■ Exercise prompt ■
Restate word for word the lines below from the one that has "Sobrado, 2 quartos, 80 m² - Foto 8" through the one that has "Sistema combinado KM 56 RC-E", keeping both and dropping all pictures.

■ Extracted material ■
****************

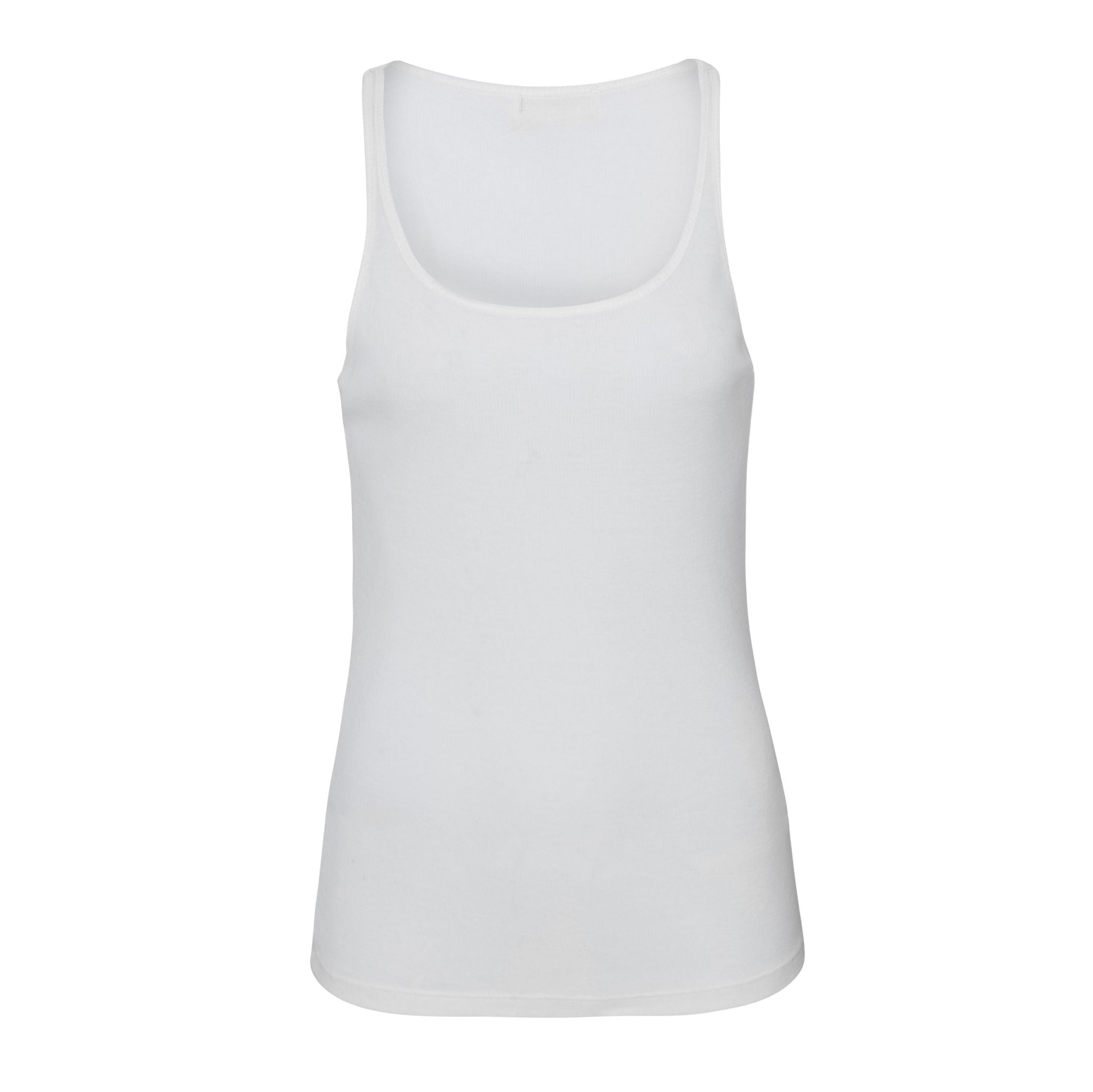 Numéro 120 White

****************

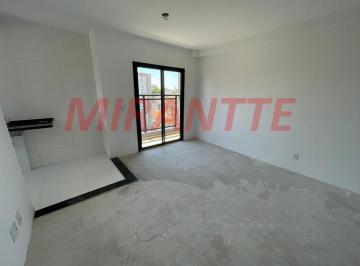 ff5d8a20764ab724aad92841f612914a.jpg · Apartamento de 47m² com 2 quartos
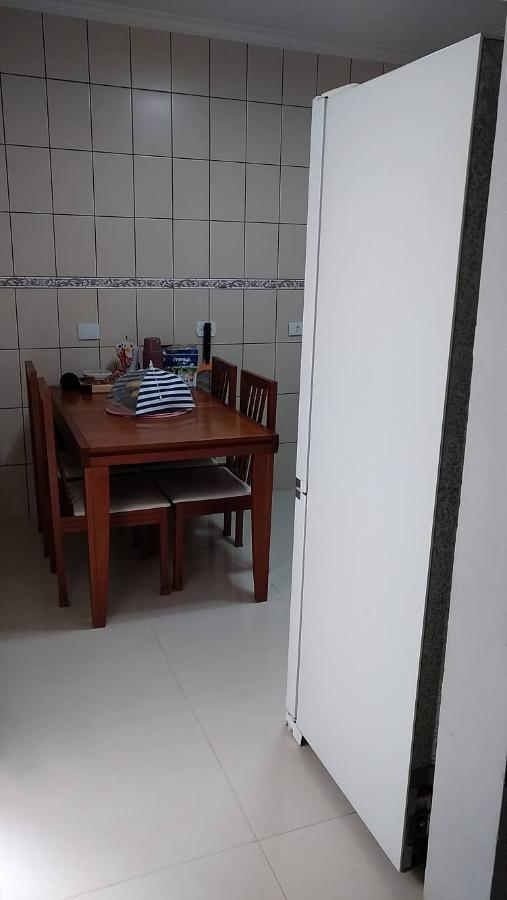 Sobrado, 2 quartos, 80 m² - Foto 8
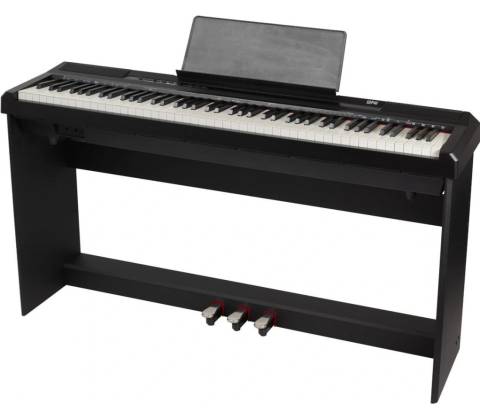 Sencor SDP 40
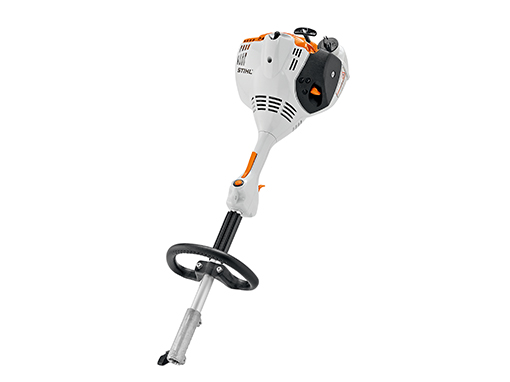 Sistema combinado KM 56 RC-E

****************

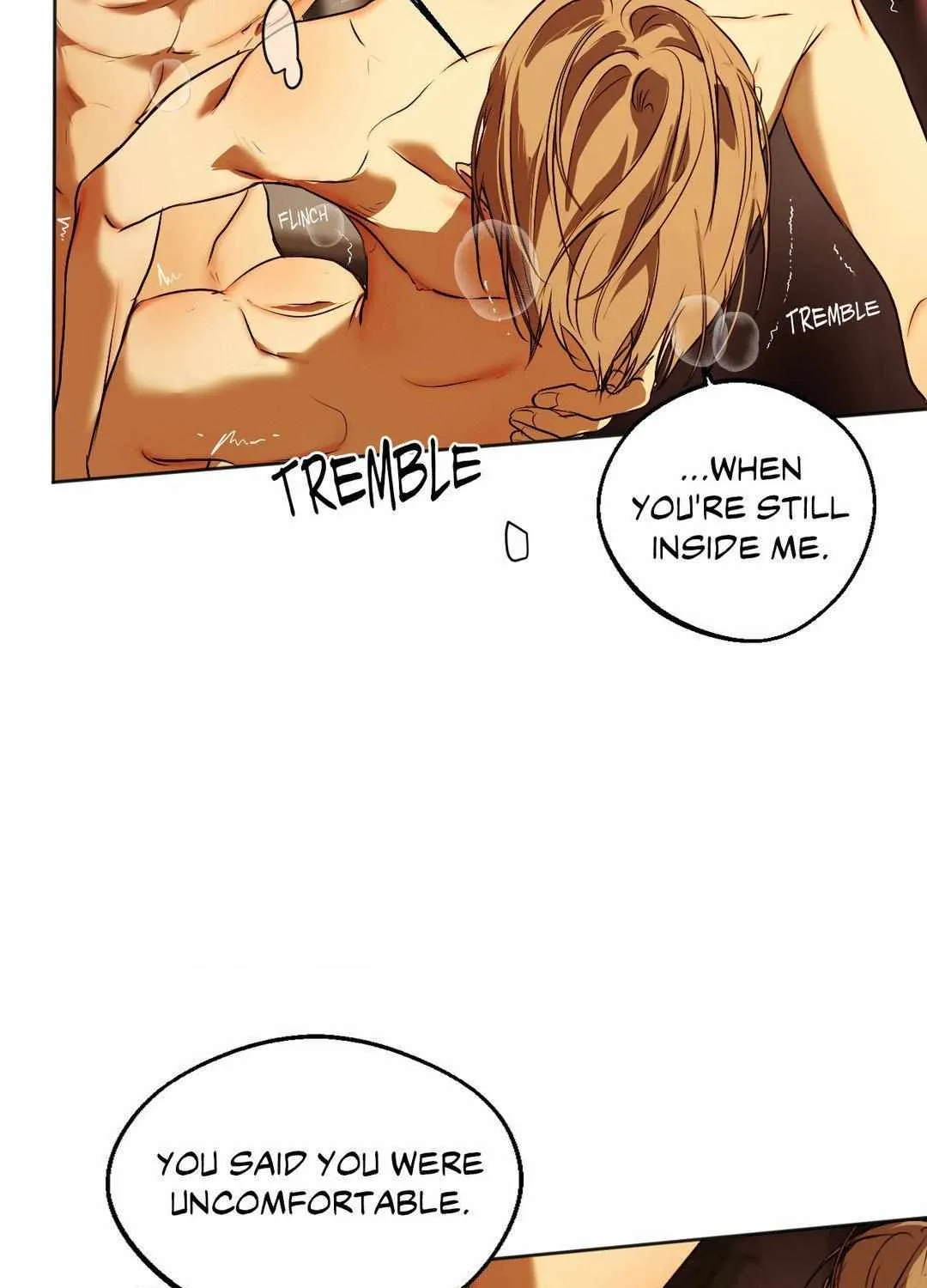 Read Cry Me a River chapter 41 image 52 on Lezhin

****************

■ Output ■
 Sobrado, 2 quartos, 80 m² - Foto 8
 Sencor SDP 40
 Sistema combinado KM 56 RC-E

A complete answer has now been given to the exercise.